MOLLY HATCHET "Paying Tribute"

Thursday, 08 May 2014 11:47 Published in A-Z

Was die Herren Southern-Rocker angetrieben hat, ihren letztjährigen Release "Regrinding The Axes" nun noch einmal in einer schlankeren Variante neu aufzulegen und alibimäßig mit ein paar Live-Songs aufzuwerten, ist nicht wirklich ersichtlich.

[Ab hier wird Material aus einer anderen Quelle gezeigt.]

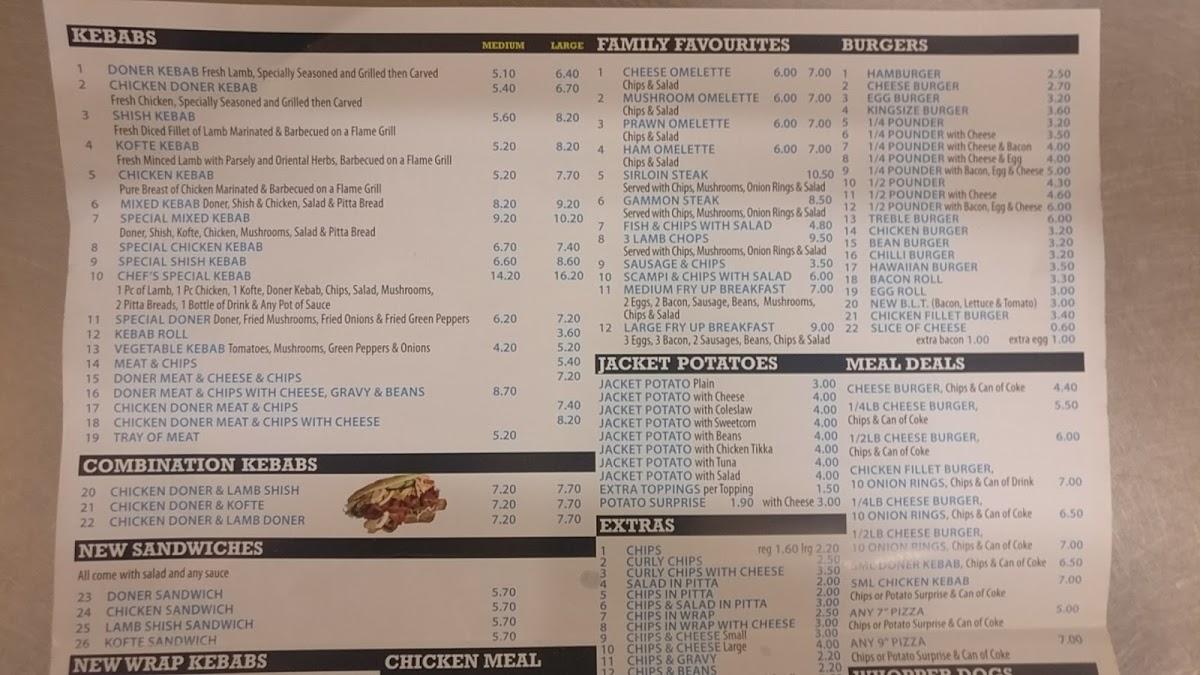 Menu at Chick King Kebab fast food, Lowestoft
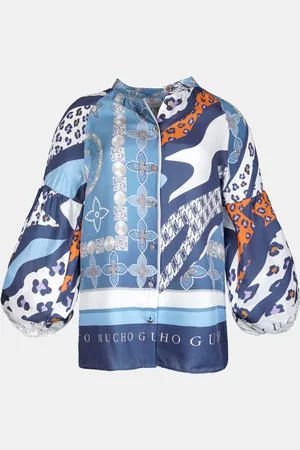 MUCHO GUSTO Blouse carini jeans blauw met oranje patchwork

Denn auf "Paying Tribute" findet man im Grunde genommen nichts anderes als eine Auswahl der bereits kürzlich verwendeten Coversongs, angereichert mit drei livehaftigen Aufnahmen, die zwar sehr ambitioniert und hörenswert sind, unterm Strich aber eben nicht dafür herhalten sollten, dass der Fan hier ein zweites Mal ins Portemonnaie greifen muss. Sicherlich sind die Neuinterpretationen von ZZ Top, den Eagles, den Stones und den Allman Brothers nebst einer wirklich phänomenalen Fassung des Thin Lizzy-Gassenhauers 'The Boys Are Back In Town' absolut der Rede wert und von MOLLY HATCHET auch prima in den eigenen Sound integriert worden. Doch warum wird das Ganze nun ein zweites Mal nachgeschoben? Die Antworten bleibt die Band vorerst schuldig, doch die Fangemeinde sei gewarnt: "Paying Tribute" entpuppt sich für Besitzer von "Regrinding The Axes" als Mogelpackung mit relativ wenig frischem Content.